As near as I can tell from its online footprint and the credits, Bodies at Rest started as an English-language script, got picked up by a Chinese company, was rewritten to be set in Hong Kong but shot in Beijing (in Mandarin), directed by a Finn, after which point it seems to have sat on the server for a year before being finally getting what release it did, dubbed into Cantonese for at least its North American release. That it is kind of a mess is unsurprising; that it's still a fairly acceptable little thriller is a sort of testament to everyone knowing what they're doing.

It's Christmas Eve 2017, and the radio is warning of torrential rains in Hong Kong, so everybody should just stay home, buckle down, maybe have some eggnog. At the city morgue, forensic examiner Nick Chan (Nick Cheung Ka-Fai) is midway through his shift, aided by intern Lynn Qiao (Yang Zi), with "Uncle King" (Ma Shuliang) covering the front desk. That weather advisory and skeleton crew makes it easy pickings for masked intruders "Santa" (Richie Jen Hsien-Chi), "Rudolph" (Feng Jiayi), and "Elf" (Carlos Chan Ka-Lok), who want the bullet lodged in gunshot victim Ankie Cheng (Clara Lee). In and out in an hour, they think, not counting on how Nick is fairly driven to now have another murder sit unsolved like that of his wife.
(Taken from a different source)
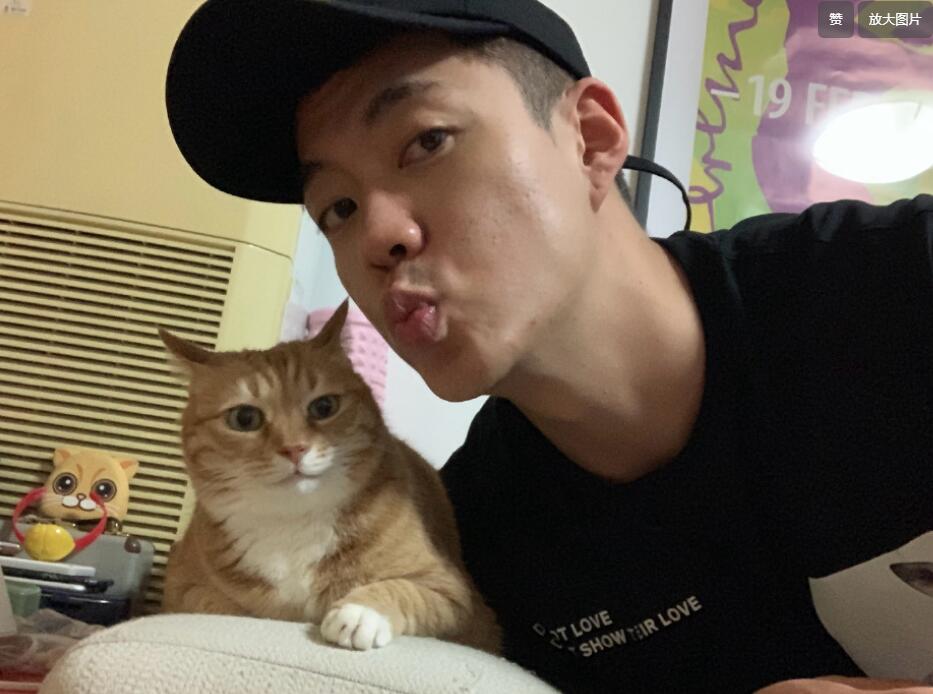 ��ϣ���ĸ���ѧ��ҵ�� ��˼�ﻨϣ��ʲô��ϵ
As hooks for Die Hard-style sieges go, that's actually pretty clever, and if you're going to do that, you might as well get the guy who directed Die Hard 2 and has, of late, been plying his trade for Chinese studios with more screens to fill than they have journeyman directors to churn things out. It seems like a great fit, especially when you consider that Harlin also has roots in horror and has seldom been afraid to put more blood and guts into his action/adventure flicks than some of his contemporaries. If this were a Hong Kong thriller, he'd probably be free to go to town, but in a Chinese co-production, he's working with one hand tied behind his back. So he shoots around anything that might show too much of a corpse being examined or cut up, has one of the best kills of the film neutered, and is so cautious as other characters get maimed that I can't say as to whether a pretty specifically called out piece of mayhem in the last act wound up happening or not. Even as someone who doesn't particularly like that much gore in my movies, I'm not sure why you hire Harlin to shoot this script and then basically limit him to headshots that don't bleed until the victim is lying face-down on the floor.